WHAT THE TASK REQUIRES: In the records below, reproduce exactly the lines from the one containing "IPv4 addresses are" through the one containing "Hi guys, Sebby", both included, and omit the pictures.

(Saved entries)
___

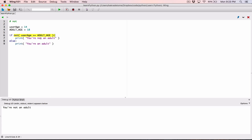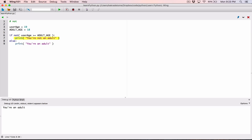Let's change it to 19 and run the program — it says 'you're an adult'. The first statement prints only if the user's age is NOT greater than or equal to the adult age, but 19 is greater than or equal to adult_age, so that condition is false and we fall through to print 'you're an adult'.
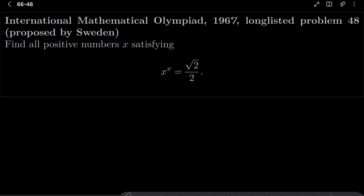Hello friends. In this video I'd like to solve the following problem from the International Mathematical Olympiad 1967, long-listed problem 48, proposed by Sweden. We wish to find all positive numbers x satisfying the equation x to the power of x equals square root of 2 over 2.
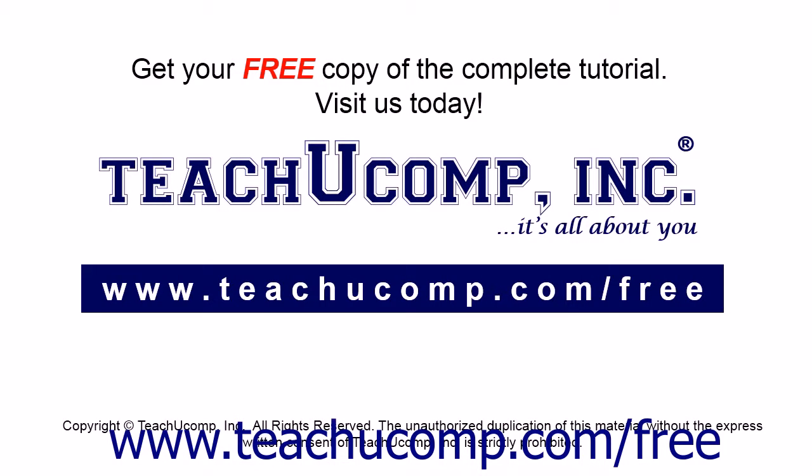Get your free copy of the complete tutorial at www.teachucomp.com forward slash free.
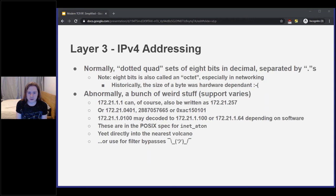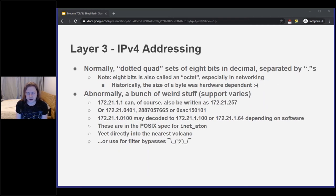IPv4 addresses are normally written as dotted quads — sets of 8 bits in decimal separated by periods. You'll also hear the term octet, which specifically means an 8-bit byte; when all this was designed, you couldn't rely on a computer representing a byte as 8 bits. There are also a bunch of weird formats allowed by the old Unix specification — these are in practice mostly used maliciously, and any software that supports them should be yeeted into a volcano.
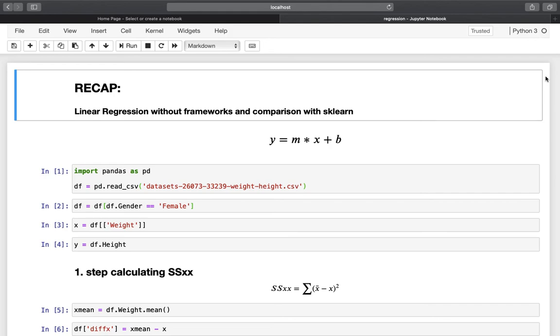Hello and welcome. This video is about R-squared. Before we start, let's do a quick recap of what we did until now.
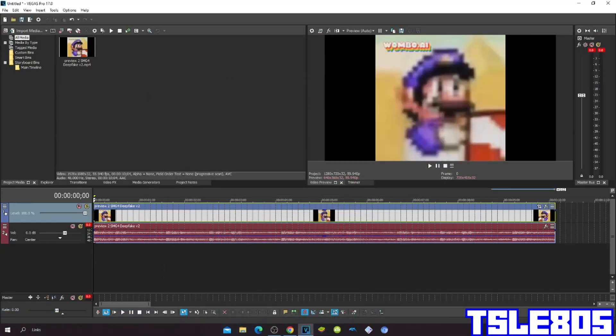Hi guys, Sebby here, and in this tutorial I will show you how to make the 'does not respond' effect on Vegas Pro 17 or any other Vegas Pro version.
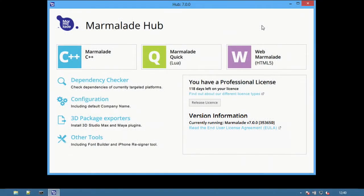Welcome to the Marmalade Hub. This video will introduce existing Marmalade users to the new tools provided with Marmalade 7.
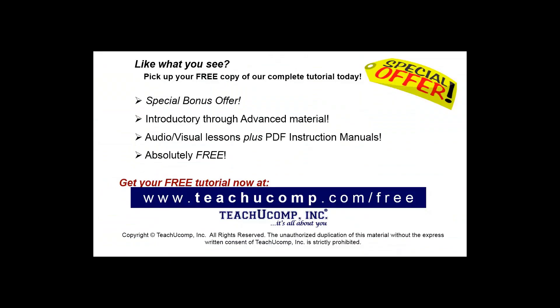Like what you see? Pick up your free copy of the complete tutorial at www.teachucomp.com/free.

___

EXERCISE ANSWER:
IPv4 addresses are normally written as dotted quads — sets of 8 bits in decimal separated by periods. You'll also hear the term octet, which specifically means an 8-bit byte; when all this was designed, you couldn't rely on a computer representing a byte as 8 bits. There are also a bunch of weird formats allowed by the old Unix specification — these are in practice mostly used maliciously, and any software that supports them should be yeeted into a volcano.
Hello and welcome. This video is about R-squared. Before we start, let's do a quick recap of what we did until now.
Hi guys, Sebby here, and in this tutorial I will show you how to make the 'does not respond' effect on Vegas Pro 17 or any other Vegas Pro version.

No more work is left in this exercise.